The months leading up to the annual August recess are always very busy ones, most especially in the second session of Congress. This year is no exception. Congress’ hefty agenda the past few months involving health care, the financial sector, and oil spill response has not stopped Congressional leaders in adoption from pursuing introduction and passage of key international adoption measures nor deterred them from fulfilling promises to serve as advocates for adoptive parents hoping to adopt from Guatemala, Russia, Uganda, and Nepal.
Check back over the next 2 weeks for a series of posts focused on individual countries and international adoption in general. Read below for our first post on one of the many initiatives that have been underway on Capitol Hill in recent months.

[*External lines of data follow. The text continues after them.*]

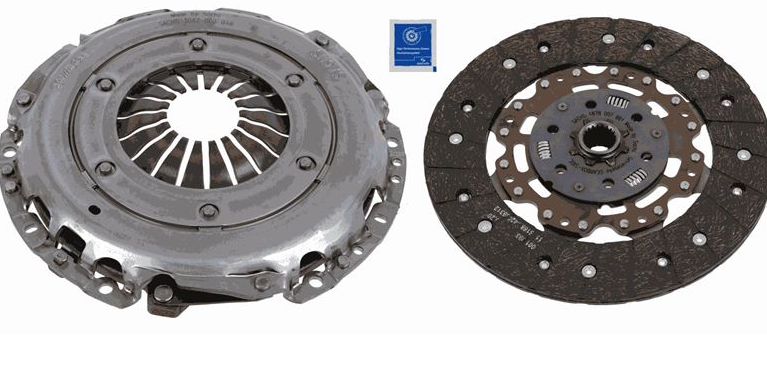 SACHS Debriyaj Seti (Opel Astra J, Meriva B 1.7 CDTI)
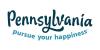 Official Pennsylvania Travel Site logo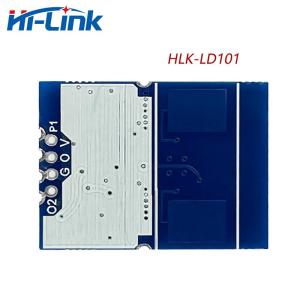 Wholesale x band radar: 10G Radar Module LD101 Intelligent Microwave Sensor Switch Human Movement Detection Sensor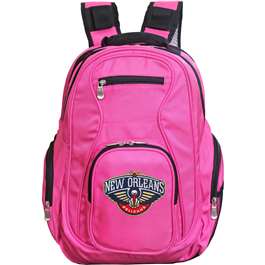 New Orleans Pelicans  19" Premium Backpack L704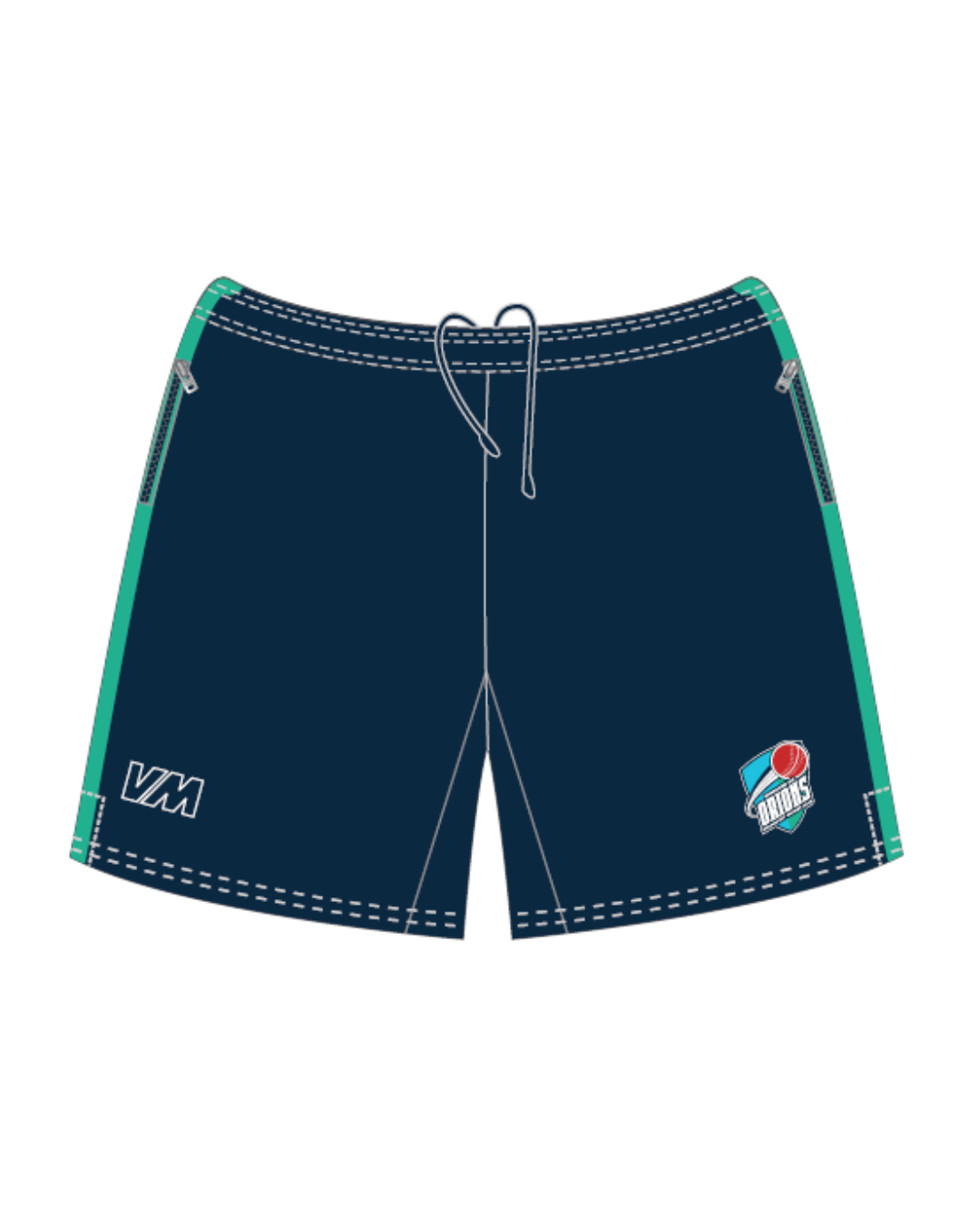 Devonport Offield Shorts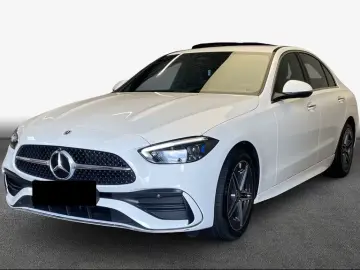 Mercedes-Benz C 300 e AMG Line Premium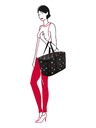 Reisenthel Reisenthel CoolerBag Dots hűtőtáska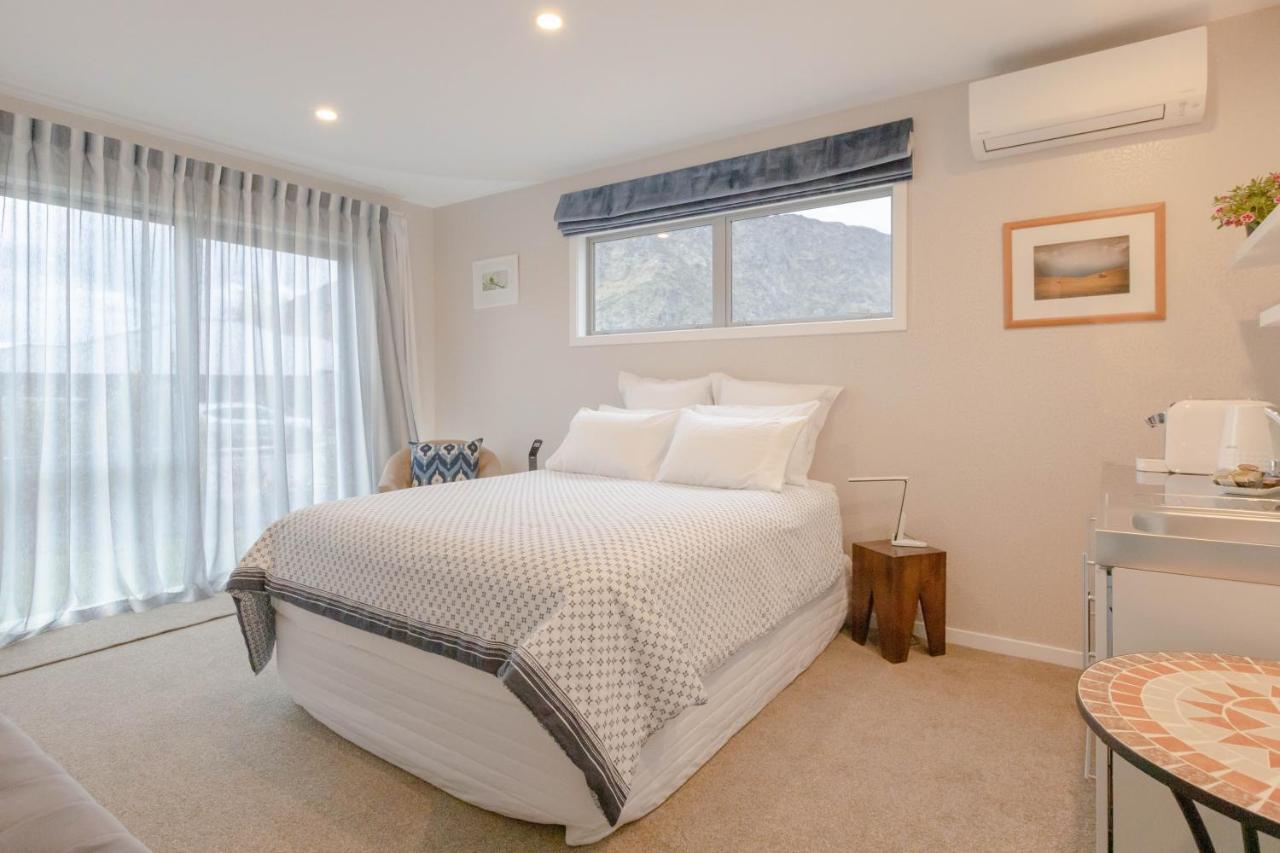 Queenstown Modern Studio At Arthurs Point Екстер'єр фото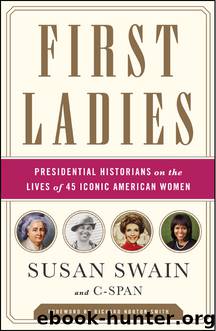 First Ladies by Susan Swain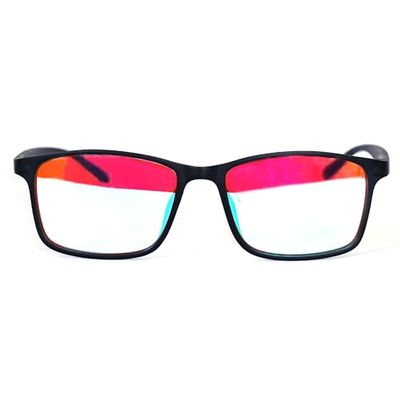 KECHIO Eyeglasses Temple Tips Sleeve with Cotton Fabric, Soft Knitting Eyewear Retainer, Anti-Slip Elastic Comfort Glasses Retainers for Sunglasses Eyeglasses Reading Glasses a4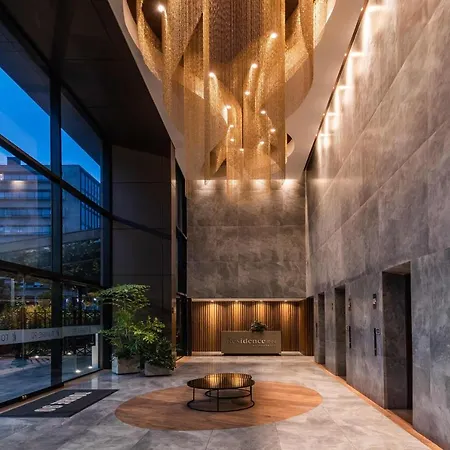 Residence Inn By Marriott Bogota-2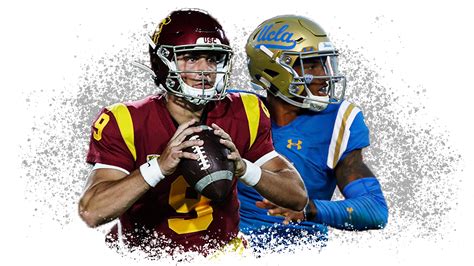 How Usc And Ucla Built Their Crosstown Rivalry Los Angeles Times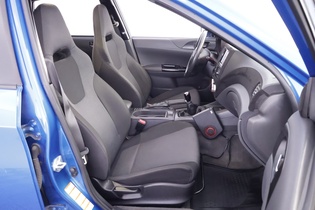 Subaru Impreza vaihtoauto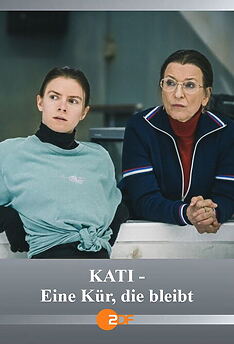 Filmplakat zu Kati - Eine Kür, die bleibt
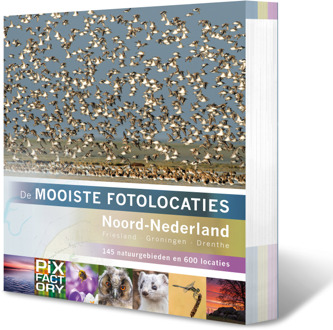 Birdpix De mooiste fotolocaties van Noord-Nederland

According to the most recent figures from USCIS, approximately 1300 Haitian children were approved to enter the U.S. as part of the Agency’s post-earthquake humanitarian parole policy. The immigration of these children into the United States has thus far required that USCIS employ a series of policies and procedures most often used when addressing the needs unaccompanied alien children.
The Administration has done everything they can within the existing letter of the law to put these children into the position they would have been had the earthquake never occurred. Motivated by this same goal, Congressman Fortenberry (R-NE) and Senators Gillibrand (D-NY) and Inhofe (R-OK) introduced legislation entitled “Helping Haitian Immigrants to Immigrate Immediately Act” or the HELP Haiti Act (HR 5283/S. 3411). This bill allows the nearly 1300 children who after the earthquake entered the United States for the purpose of adoption to become legal permanent residents. Without this legislation these children and their families would be subject to a two to four year immigration process and in the interim would be deprived of the benefits of having a permanent status in the United States.
Families who are in the process of adopting these children have already faced issues with adding these children to their health insurance, enrolling in school, and obtaining other benefits which are based on immigration status. This bill passed the House of Representatives on July 20, 2010 and was agreed to by unanimous consent in the Senate on August 4, 2010.